The Wisconsin State Department of Health Services says so far this year, there have been 327 whooping cough cases reported in the state, compared with 296 cases in all of 2010. The City of Milwaukee says there are 12 confirmed cases right now - three times what they would normally see for the month of November.
"We generally see a few dozen cases each year in the City of Milwaukee. We've seen two to three-fold increase for the month of November, and we fully expect to see additional confirmed cases moving into the holidays," Milwaukee Health Department Director Paul Biedrzycki said.
Milwaukee health officials are concerned about the low vaccination rates in Milwaukee schools, which makes children more vulnerable to the illness. Health officials say 78 to 79 percent of students are vaccinated, and they'd like that rate to be around 90 percent.
Waukesha County has the most confirmed cases, with 30, and 16 of those cases are in Menomonee Falls. Milwaukee County confirms 12 cases, and Ozaukee County has had 18 cases since August, with the majority of them in Mequon. Racine County reports three confirmed cases.

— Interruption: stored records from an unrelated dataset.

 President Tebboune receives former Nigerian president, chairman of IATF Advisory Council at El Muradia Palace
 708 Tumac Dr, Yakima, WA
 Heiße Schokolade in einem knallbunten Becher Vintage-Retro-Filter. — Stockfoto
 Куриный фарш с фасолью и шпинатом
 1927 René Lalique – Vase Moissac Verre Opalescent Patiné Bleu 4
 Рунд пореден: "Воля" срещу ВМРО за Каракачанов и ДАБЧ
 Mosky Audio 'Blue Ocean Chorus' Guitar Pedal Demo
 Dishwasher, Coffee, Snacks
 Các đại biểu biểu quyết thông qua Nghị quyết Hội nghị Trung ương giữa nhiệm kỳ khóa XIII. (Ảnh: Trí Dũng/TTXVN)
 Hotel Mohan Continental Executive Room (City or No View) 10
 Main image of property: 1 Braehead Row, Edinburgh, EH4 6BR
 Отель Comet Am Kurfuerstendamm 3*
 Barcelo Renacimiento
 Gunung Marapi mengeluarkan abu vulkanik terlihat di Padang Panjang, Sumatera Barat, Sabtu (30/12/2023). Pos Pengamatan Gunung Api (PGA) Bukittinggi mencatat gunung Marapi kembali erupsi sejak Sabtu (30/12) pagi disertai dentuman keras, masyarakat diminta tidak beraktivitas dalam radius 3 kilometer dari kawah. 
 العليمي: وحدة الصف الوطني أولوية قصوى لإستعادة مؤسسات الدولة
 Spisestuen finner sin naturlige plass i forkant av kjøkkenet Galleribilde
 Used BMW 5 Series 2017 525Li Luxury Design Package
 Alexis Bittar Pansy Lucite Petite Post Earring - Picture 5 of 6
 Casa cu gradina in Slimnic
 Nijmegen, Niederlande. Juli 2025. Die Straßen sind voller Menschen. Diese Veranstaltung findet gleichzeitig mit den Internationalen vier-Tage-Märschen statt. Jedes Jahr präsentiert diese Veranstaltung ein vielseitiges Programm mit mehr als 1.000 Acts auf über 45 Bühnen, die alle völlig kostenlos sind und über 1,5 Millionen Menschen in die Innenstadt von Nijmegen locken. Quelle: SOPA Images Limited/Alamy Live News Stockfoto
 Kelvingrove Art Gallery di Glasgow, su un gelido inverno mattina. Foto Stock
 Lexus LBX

Milwaukee health officials say the increase is likely due to people not being vaccinated, but also because many are unaware that a booster is now recommended to keep the immunity current. This booster has only been around for about four years, so health officials say many providers and adults are unaware of the need. This booster is now recommended starting around the age of junior high.
Whooping cough is a highly contagious disease that is spread through the air by coughing. It generally begins with cold symptoms and a cough, which becomes much worse over one to two weeks. Symptoms usually include a long series of coughs, followed by a whooping cough. The illness is not usually serious in adults, but can be very serious for infants and toddlers, so health officials want to make sure children get the series of shots they need.